Una persona mayor merece recibir un trato acorde con su edad y su historia de vida.

Hablarle con respeto, evitar diminutivos infantilizantes y permitirle participar en las decisiones son formas sencillas de reconocer su dignidad.

8. Valorar sus historias y experiencias

Preguntar por su infancia, su trabajo, sus viajes, sus amistades o los momentos importantes de su vida puede convertirse en una experiencia significativa.

Escuchar sus historias no solamente fortalece el vínculo familiar; también le transmite que su historia tiene valor y merece ser recordada.

La importancia de sentirse útil

Sentirse útil no significa necesariamente realizar grandes tareas. Puede tratarse de pequeñas responsabilidades adaptadas a sus posibilidades.

Cuidar una planta, ayudar a escoger una receta, doblar algunas prendas, organizar fotografías o enseñar a un nieto algo que conoce son oportunidades para participar.

La clave está en que estas actividades sean seguras y no se conviertan en una obligación.

Lo que debemos evitar

Algunas conductas bien intencionadas pueden afectar la autoestima del adulto mayor.

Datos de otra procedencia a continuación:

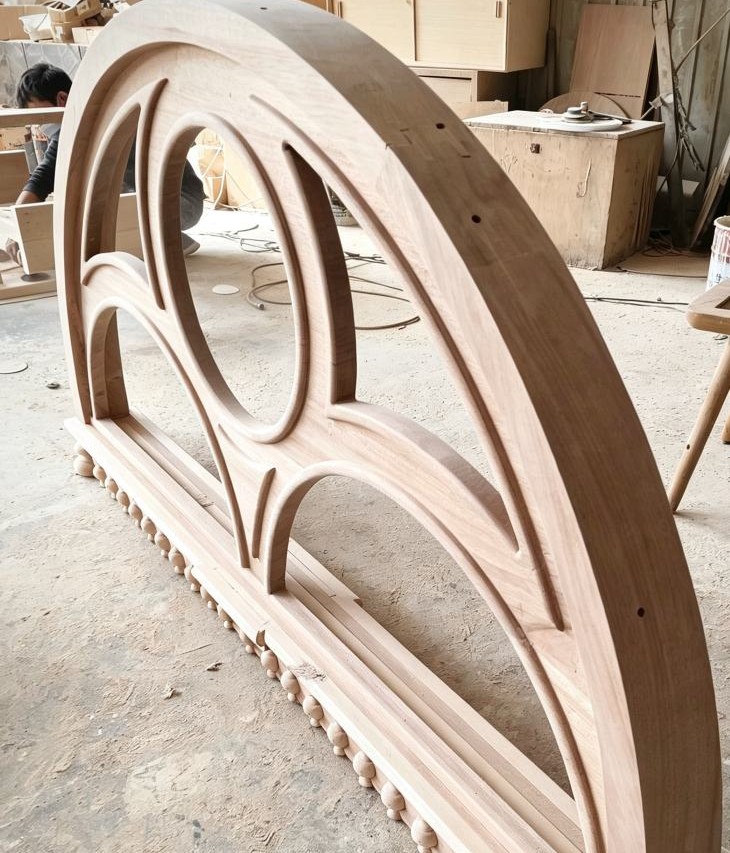 Custom curved wood component for millwork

  • Hacer todo por él aunque todavía pueda hacerlo.
  • Tomar decisiones sin preguntarle.
  • Hablar sobre él como si no estuviera presente.
  • Compararlo constantemente con otras personas.
  • Criticar sus errores o limitaciones.
  • Hacer comentarios negativos sobre su edad o apariencia.
  • Aislarlo de las actividades familiares.
  • Tratarlo como un niño.

Cuando la pérdida de autoestima necesita atención

Una baja autoestima puede formar parte de un problema emocional más amplio. Si el adulto mayor presenta durante un período prolongado tristeza, aislamiento, pérdida de interés por actividades que antes disfrutaba, cambios importantes en el sueño o alimentación, desesperanza o abandono del cuidado personal, es recomendable buscar una valoración profesional.

No debemos asumir que estos cambios son simplemente consecuencia de la edad.

El acompañamiento también fortalece la autoestima

El acompañamiento diario puede ser una oportunidad para que el adulto mayor se sienta escuchado, respetado y tomado en cuenta.

Una conversación, una caminata segura, una actividad recreativa, preparar una comida juntos o simplemente compartir un momento pueden tener un valor mucho mayor del que imaginamos.

En Viktor Asistencia Integral Senior entendemos que el cuidado del adulto mayor no consiste únicamente en ayudar con sus necesidades físicas. También significa respetar su historia, sus preferencias, sus capacidades y su derecho a seguir participando en las decisiones de su vida.

Envejecer no significa dejar de ser valioso

La edad puede cambiar muchas cosas, pero no elimina el valor de una persona.

Fortalecer la autoestima en la tercera edad significa ayudar al adulto mayor a reconocer que sigue teniendo capacidades, experiencias, decisiones, vínculos y motivos para disfrutar cada día.

Porque cuidar también es decir, con nuestras acciones: “Tu vida importa. Tu opinión importa. Tú sigues siendo importante”.